I recently had the pleasure of attending a workshop with Tony Corbell on lighting (www.tonycorbell.com). I reread his bio after the course, when I could fully appreciate the delight of being able to pick some useful morsels from the feast of knowledge he prepared for us. To give you an idea of how exciting he is, I took an excerpt from his website bio:
"Tony has been a photographer, an educator, and an author. His photographic works have been featured in publications throughout the world. While he has worked for some of the most discerning clients in the world, he is most proud of being acknowledged and included in more than twenty-five photographic books by other photographers. Tony has photographed three U.S. presidents, The Millennium Summit Meeting of World Leaders at the United Nations, sports celebrities, almost 800 brides and grooms, and a handful of NASA astronauts."
Over the course of 3 1/2 hours, he shared his experience and personal insights on lighting. After a working conversation on key tips, pointers and techniques he wanted to highlight, we spend the bulk of the time "trying things out" together in a live studio setting.

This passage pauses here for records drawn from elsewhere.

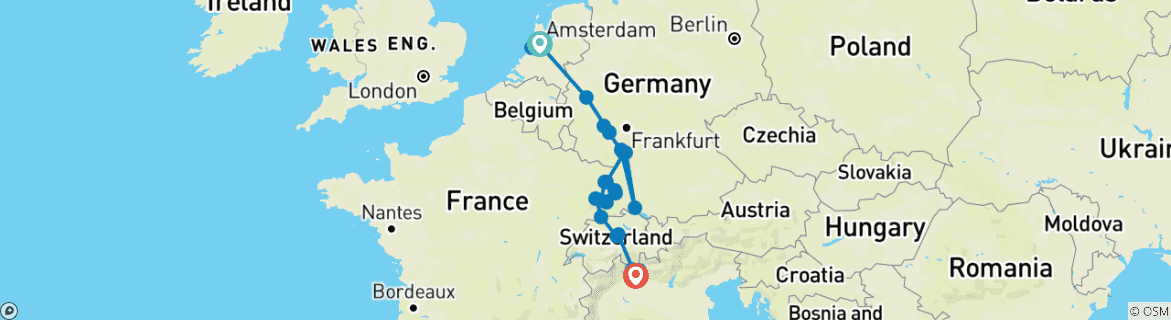 Imagen de un mapa que muestra la ruta del circuito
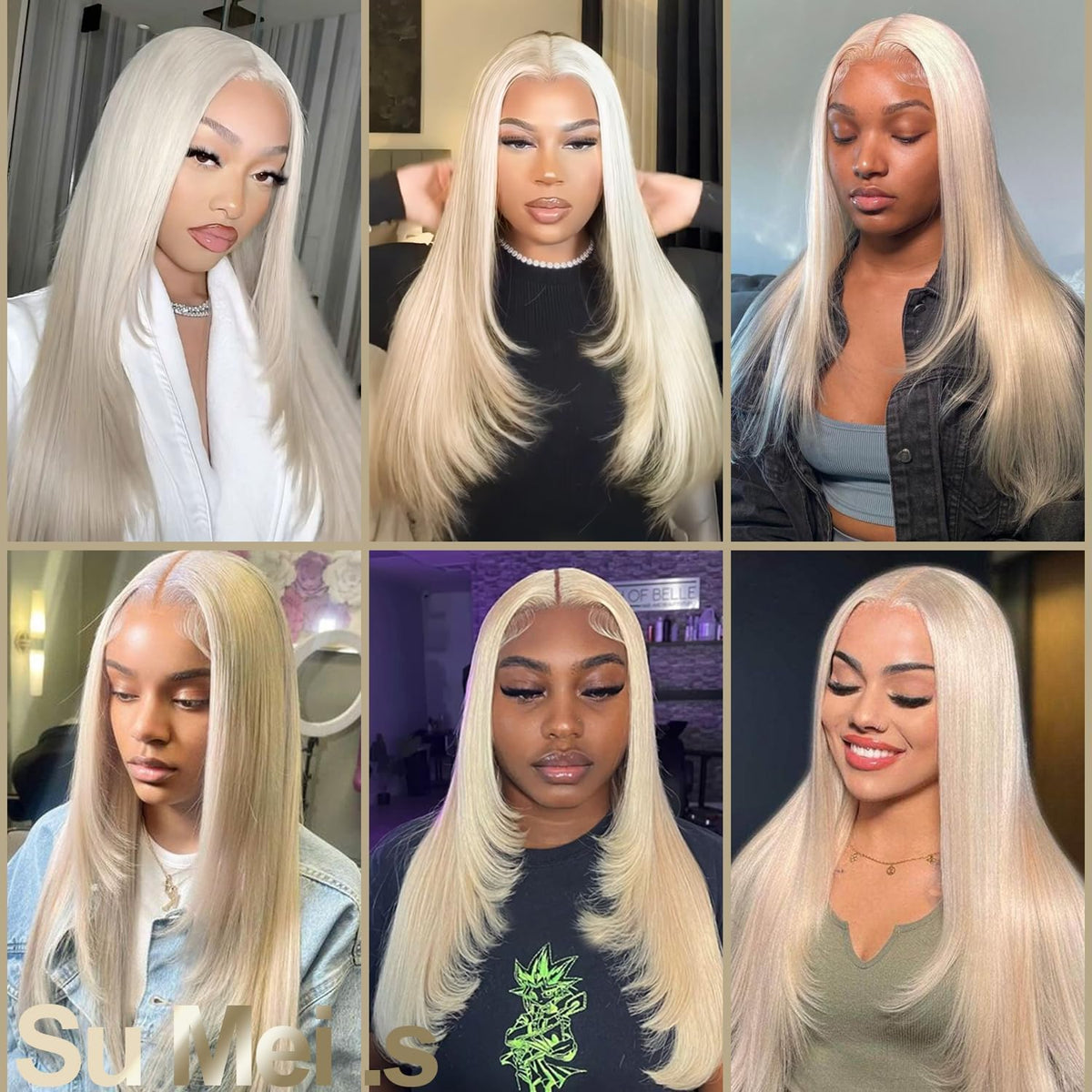 Su Mei.s blonde wig model wearing for everyday style in seconds.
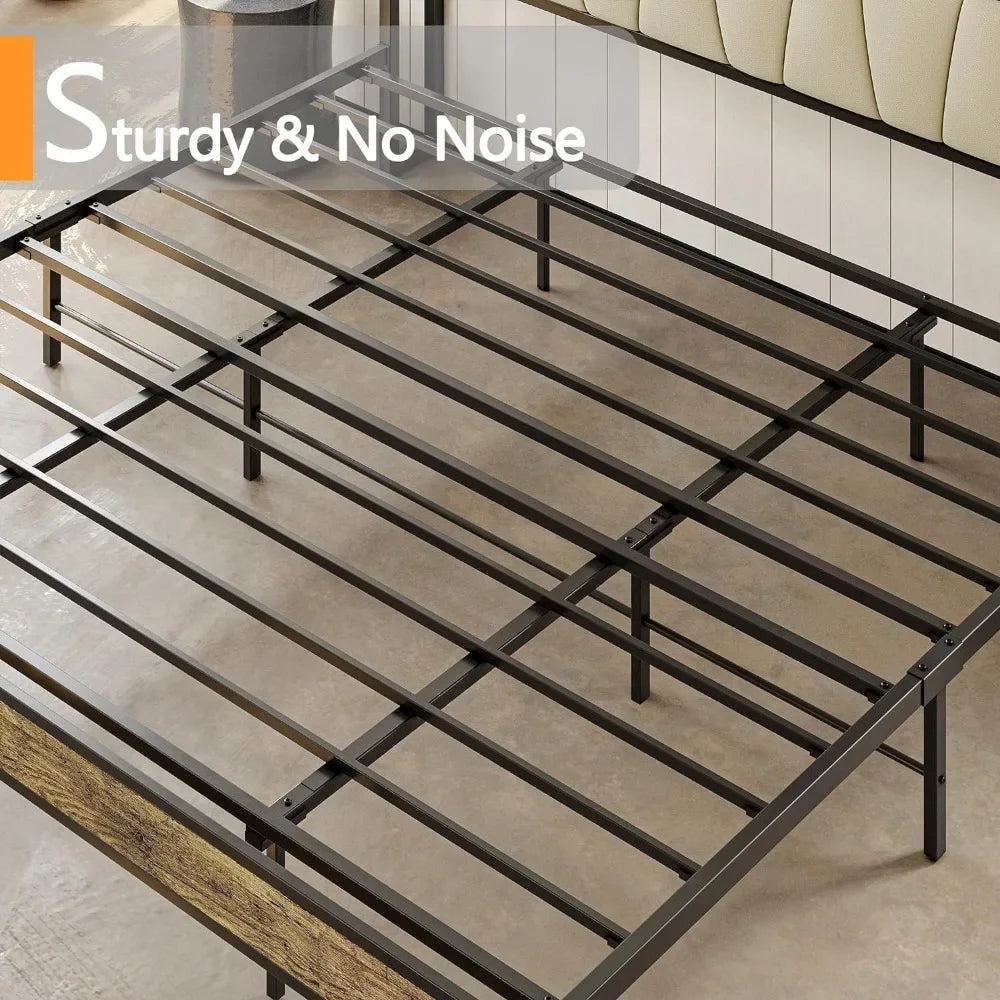 King Size Bed Frame, Storage Headboard with Charging Station, Solid and Stable, Easy Assembly Bed Frame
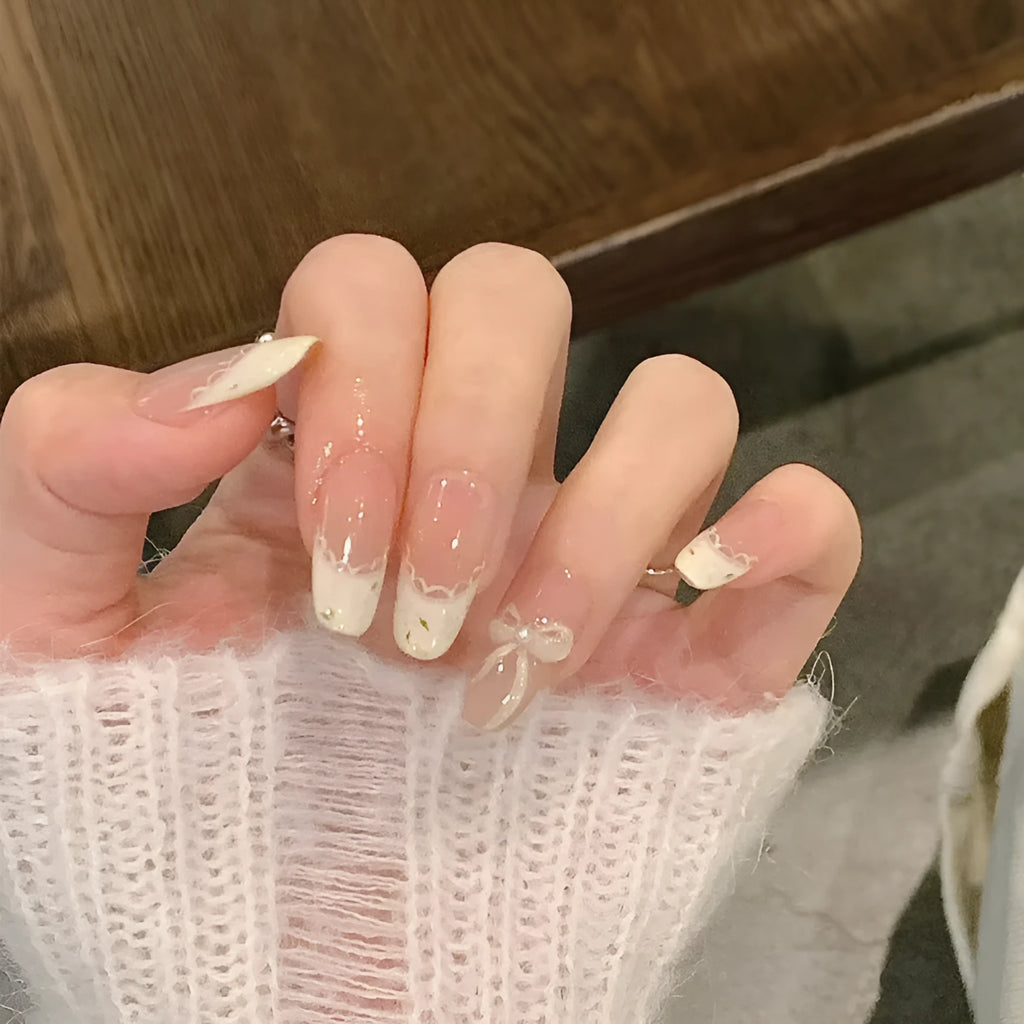 Sweet girly press-on false nails with 500 pieces of 3D heart, star, cloud, and butterfly stickers.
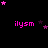 Pixelated pink text 'ilysm' repeated across a black background with scattered pink and purple stars, some frames showing star clusters shifting positions.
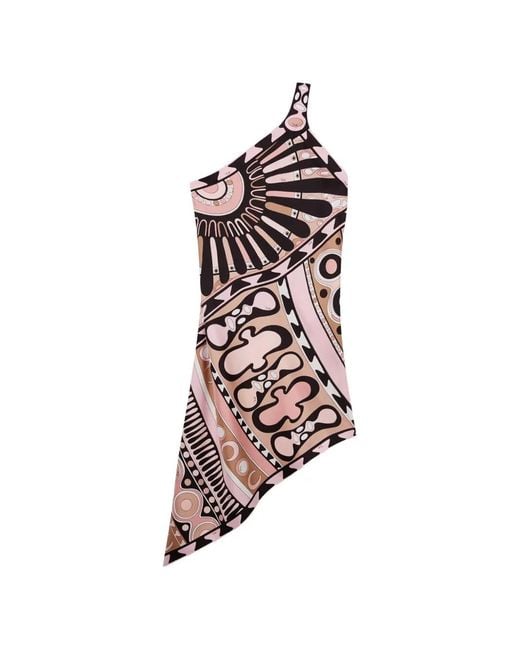 Emilio Pucci White Robe Mi-Longue À Une Épaule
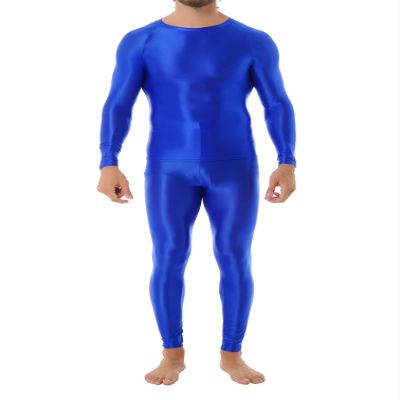Sxiwei Men's Sports Running Set Compression Shirt Pants Skin-Tight Long Sleeves Tracksuit Gym Yoga Suits Blue Large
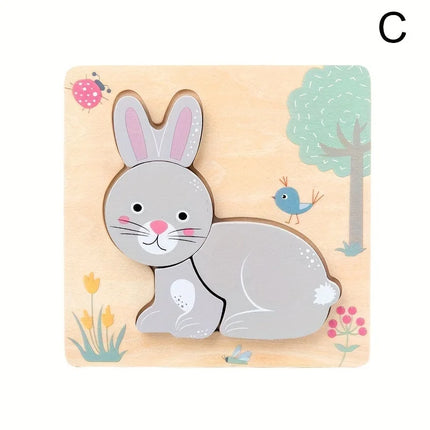 3D Wooden Cartoon Animals Cognitive Puzzles For Kids Children's Wooden Puzzles Toys Colors Shapes Baby Educational Toys Game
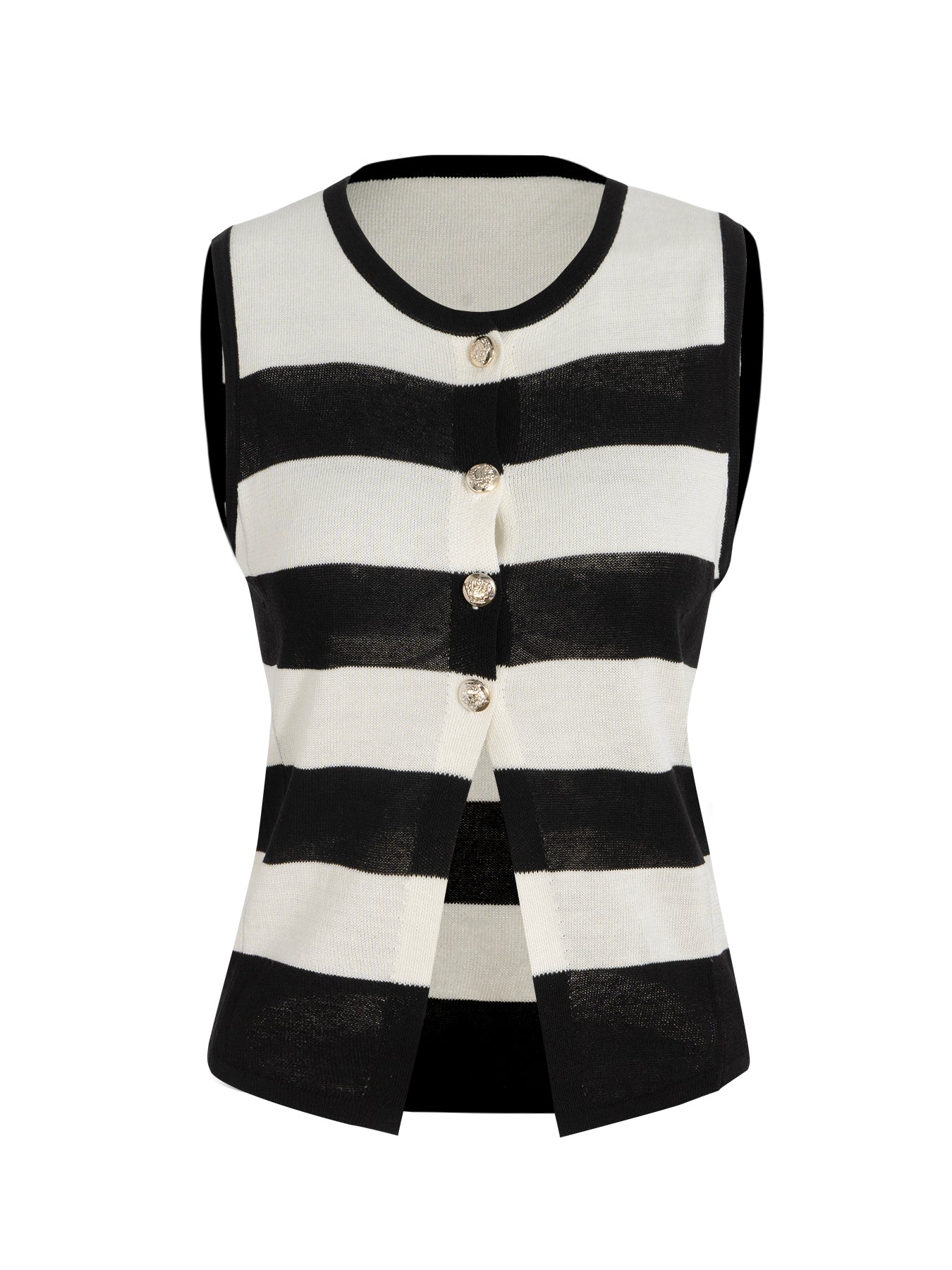Women's Striped Crew Neck Vest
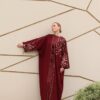 WhatsApp Image 2025-08-22 at 23.18.09 (1) Burgundy Calligraphy Crepe Abaya – Timeless Elegance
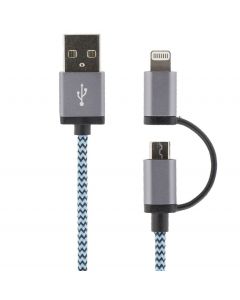 STREETZ USB-kabel, USB Micro B ha och lightning ha, MFi, 1m, blå
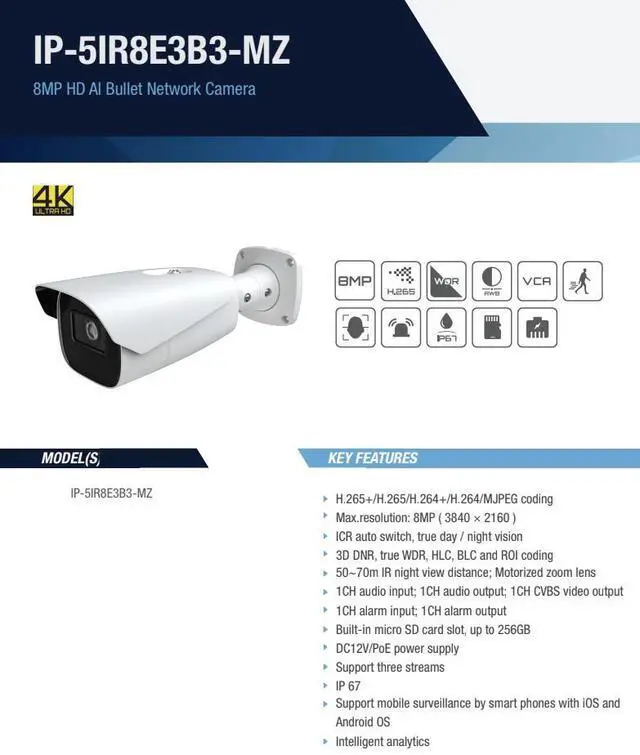 Alt view image 2 of 5 - ENS Titanium IP-5IR8E3B3-MZ 8MP 4K Bullet IP Camera, 2.8-12mm Motorized Zoom, 30fps at 4K, IR 230ft, 120dB True WDR, Human Vehicle Classification, Face Capture, Alarm I/O, IP67, PoE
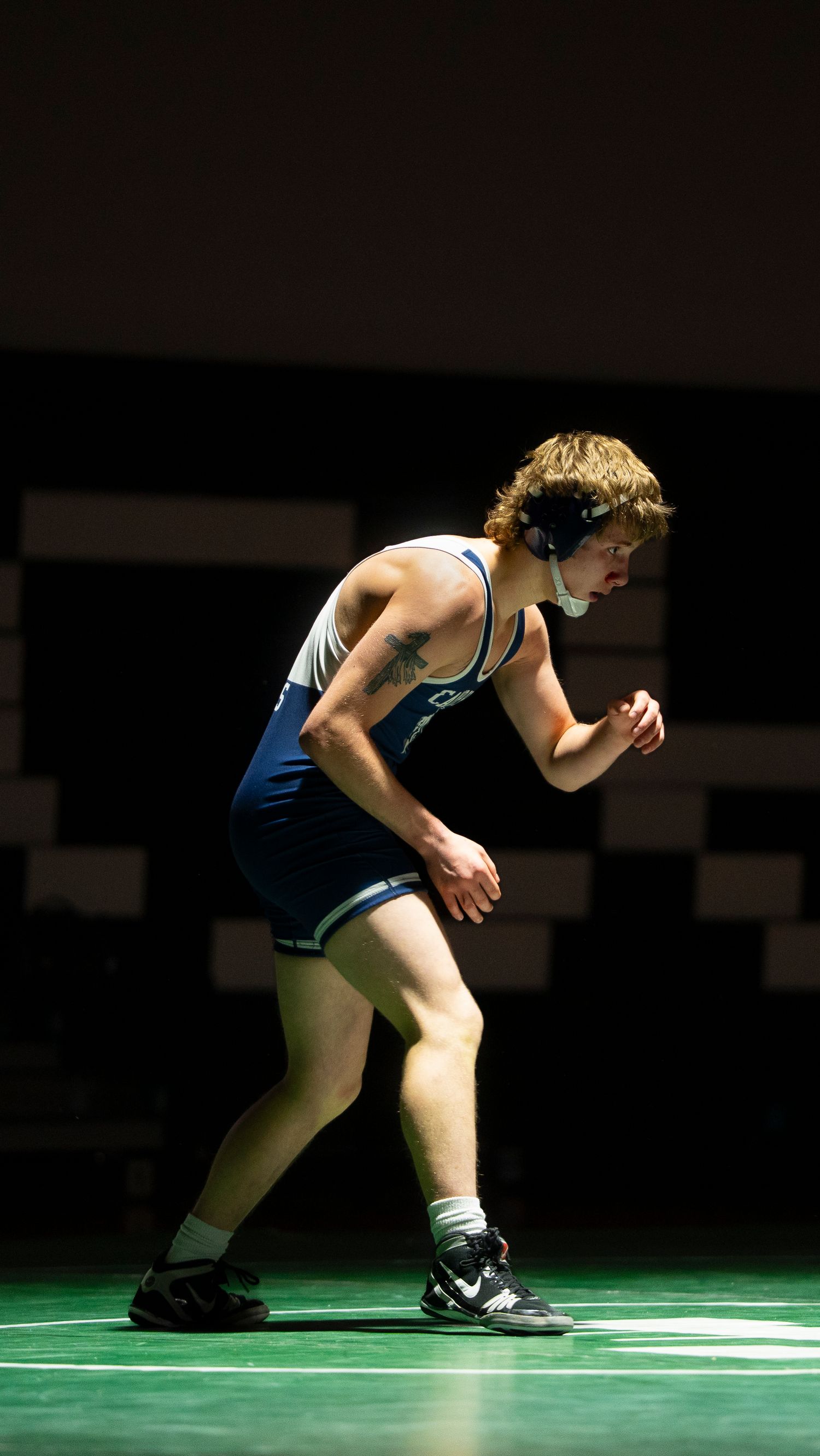 Young wrestler in blue singlet stands in athletic stance on green wrestling mat.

As I've had a couple weeks to reflect on the many things I picked up from the workshop, I took a moment to thank Tony for his "game changing" workshop - at least it was game changing for me! Since "vulnerability" is one of my focus areas for 2016, I wanted to journal this experience of sharpening my photographic skill and trade in the coming months and years. This will give me something to look back and reflect upon:
Thank you for an informative evening. While I’ve shot nature and architectural photography for years, for the first time I’m trying to make a living (or partial living) off my craft. So, I’ve been trying to figure out what I don’t know but need to know, so I can take targeted workshops, online classes, etc. to supplement my “self trained” eye.It’s both scary and exciting.You were my first go at this - it was scary and intimidating to sign up for your workshop, and the first 5 minutes were nerve wracking because the voice in my head was saying either “You’re not good enough…” or “Who the hell do you think you are?”And right away, you put me at ease. While much of what you said about lighting was new to me, and some was way over my head, you shared your experience, tips and insights with such humility, clarity, and in enough depth that I could grasp some of it…probably more than I even realize now. But, I haven’t stopped talking about your workshop with friends and family - and am excited to start putting some of what I learned into experimenting.